The Commissioners have indeed great satisfaction in speaking
favourably of the work of the Contractors, who are most respectable
persons, and have performed their engagements in a very creditable
manner. The tower is built
in the most substantial manner, and cannot fail to endure for ages. The
frame work of the Lantern fits together with uncommon neatness, and is
secured in every respect better than any other Lantern that the
Commission has seen.17
The commissioners considered the Point Petre tower to be of sounder
construction than that at False Ducks.
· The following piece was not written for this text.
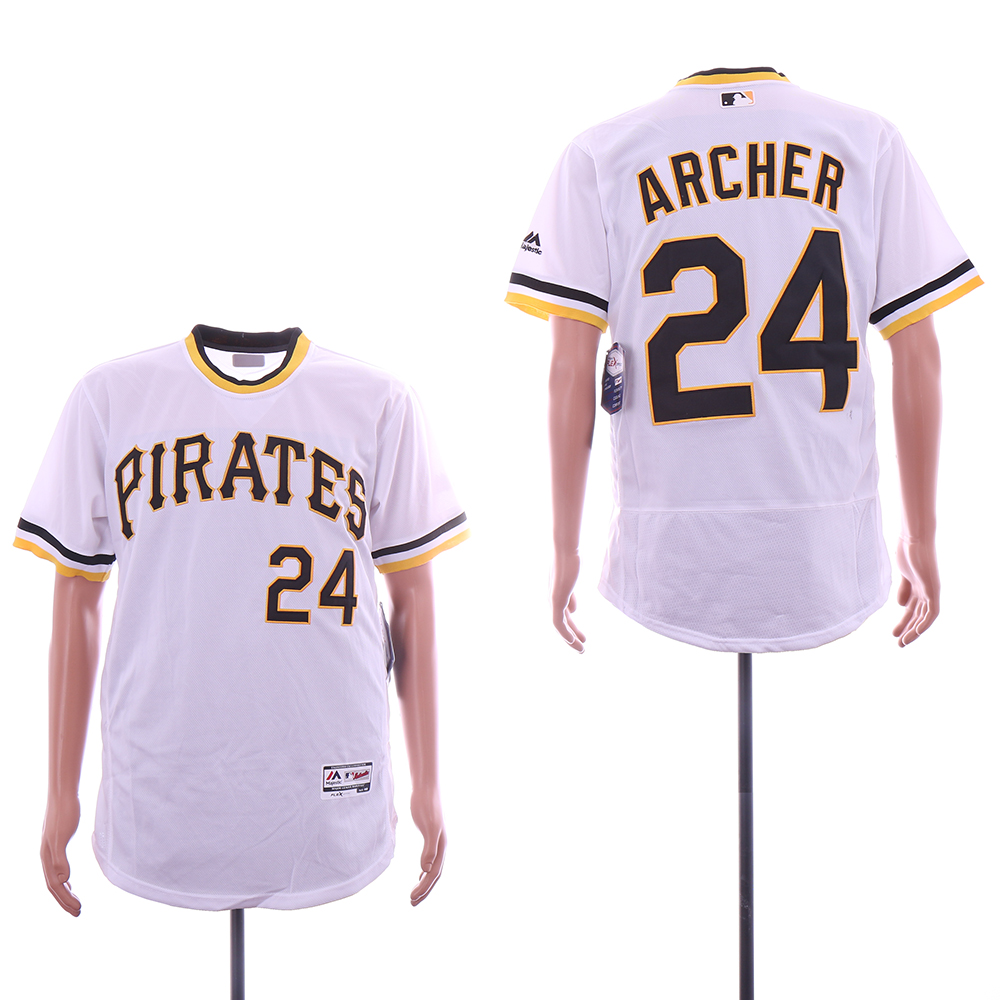 Men Pittsburgh Pirates #24 Archer White Sleeve head Elite MLB Jerseys->pittsburgh pirates->MLB Jersey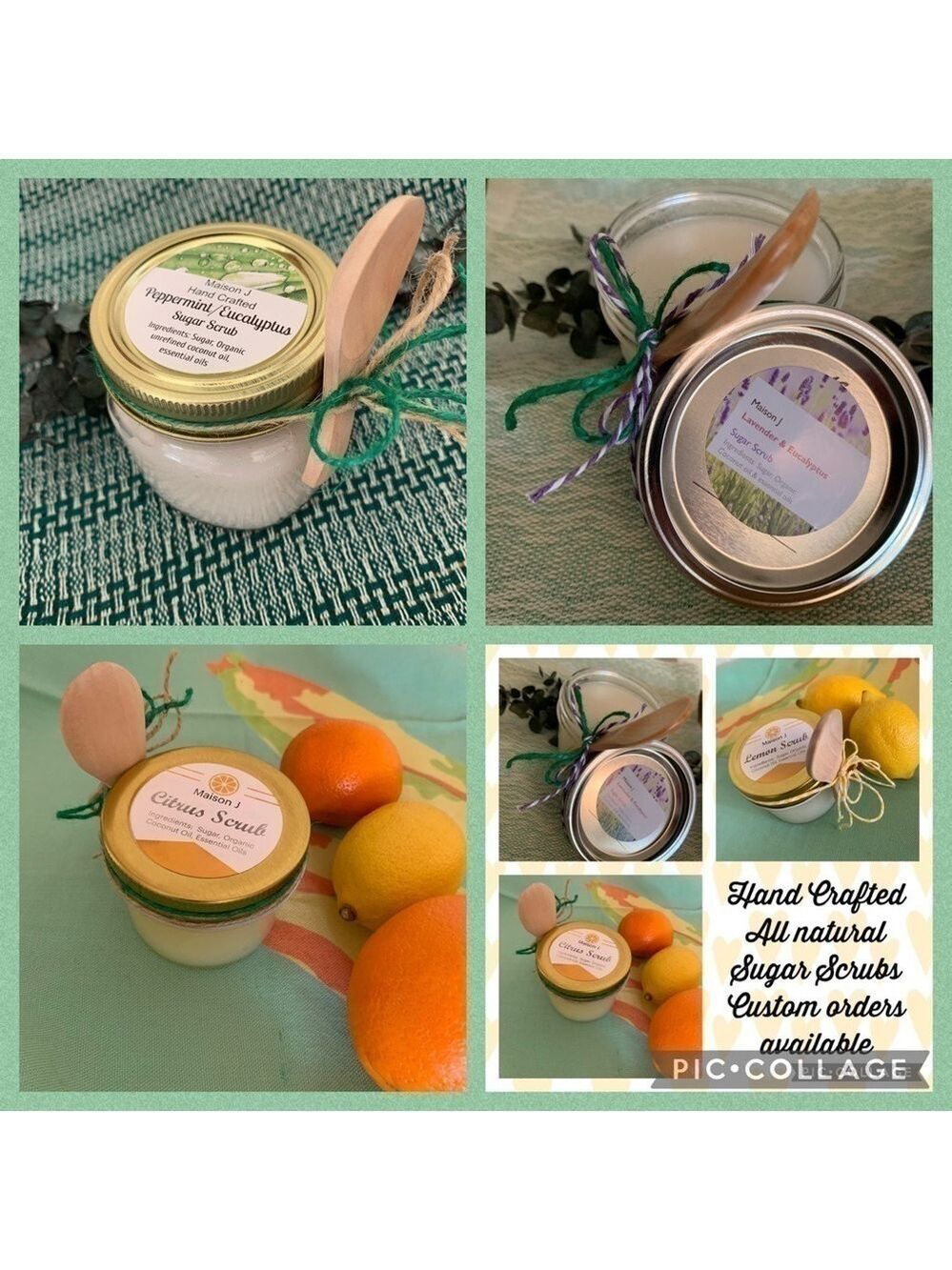 Hand Crafted Sugar Scrub Trio Natural Exfoliating Moisturizing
The light consisted of 11 Argand
lamps with 16-inch reflectors set in an iron chandelier and complemented
with 11 copper oil heaters, the whole supplied by Winslow Lewis of
Boston for the sum of $522.65.18 The Point Petre light was
said to have a range of 25 miles in clear weather.
Nine Mile Point
The Nine Mile Point lighthouse located on the western point of Simcoe
Island, a landfall light for vessels making for the St. Lawrence from
Lake Ontario, is of identical design to the Point Petre structure but
only 45 feet in height. The Nine Mile Point lighthouse is still in use
today. The old weight shaft and weights are still in place, though the
lantern is thought to have been replaced at a later date. This
lighthouse is one of the few, other than range lights, equipped with the
reflector or catoptric type light, the apparatus consisting of three
parabolic copper reflectors lined with quicksilver. Built in 1833 it is
not surprising that the mortar is now soft, and so this tower may
require considerable maintenance to preserve it. The site is accessible
to motor by means of two ferries.
Presqu'lle
Another important lighthouse, built in 1840 in the eastern waters of
Lake Ontario and still in use today, is that of Presqu'lle. Located
three miles from Brighton, the Presqu'lle lighthouse is an octagonal
stone structure, shingled throughout on the exterior and set on a stone
base cemented over at a more recent date.19 The cornice, as
indicated in Figure 58, exhibits a pronounced flare noticeable from the
ground. There are five landings within connected by steep straight runs
of stairs with an almost ladder-like ascent. Originally the lighthouse
was fitted with a polygonal lantern with guard rail around the
observation platform. but recently the lantern has been replaced with a
rotating beacon mounted on a buoy structure. The Gothic arch of the door
is of rather an ecclesiastical outline.
58 Presqu'lle lighthouse, Lake Ontario, as it is today. The lantern has
been removed and a rotating airport beacon installed directly on the
lantern platform.
(Photo by author's son.)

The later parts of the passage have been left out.